Thursday, September 15, 2011

AAAGH! and Bernard

Here's the AAAGH! from issue #234 of Doctor Who Adventures, out a few days after the broadcast of Night Terrors (in which a small boy who is scared of Peg Dolls and a dog must overcome his fears). Issue #235 - out in all good shops today - features some timey-wimey issues that might just possibly be inspired by The Girl Who Waited.

As ever, the script is by me, the art is by Brian Williamson and the strip is edited by Paul Lang and Natalie Barnes - and posted here by kind permission. You can also read all my AAAGH!s so far.

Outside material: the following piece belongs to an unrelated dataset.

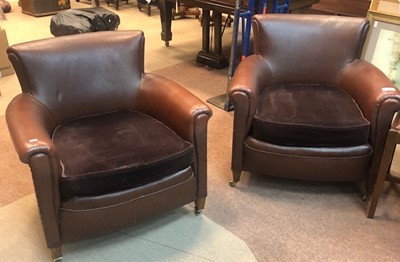 Lot 412A - A PAIR OF CLUB ARMCHAIRS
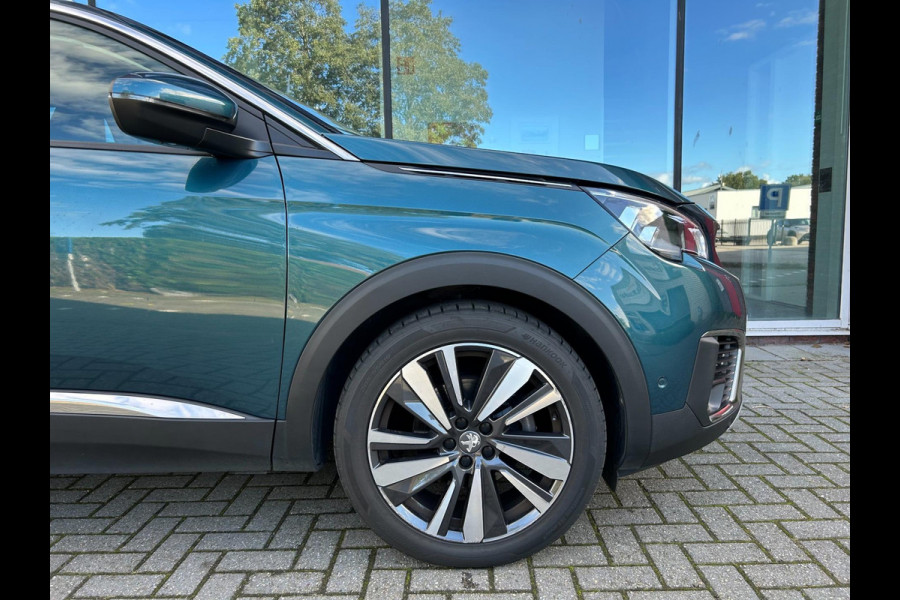 Peugeot 5008 1.2 PureTech Allure Premium - Navi - Trekhaak - Parkeerhulp - Org.NL-NAP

Saturday, September 10, 2011

Plugs and plugs

Doctor Who and the Memory Cheats by Simon Guerrier
Sorry - a pluggy post. I have a new CD out this month - Doctor Who and the Memory Cheats starring Wendy Padbury as Zoe Heriot and Charlie Hayes (Wendy's daughter) as Jen. The spooky cover is by clever Marcus at Amazing15 (who I also sometimes work with doing daftness for Doctor Who Adventures). Here is the blurb:
Zoe Heriot remembers everything. But she remembers nothing.

A genius with instant recall, Zoe’s mind has been purged of her memories of travelling with the Doctor and Jamie in the TARDIS. And years later she is in deep trouble – prosecuted by the mysterious company that has evidence that she has travelled in Space and Time.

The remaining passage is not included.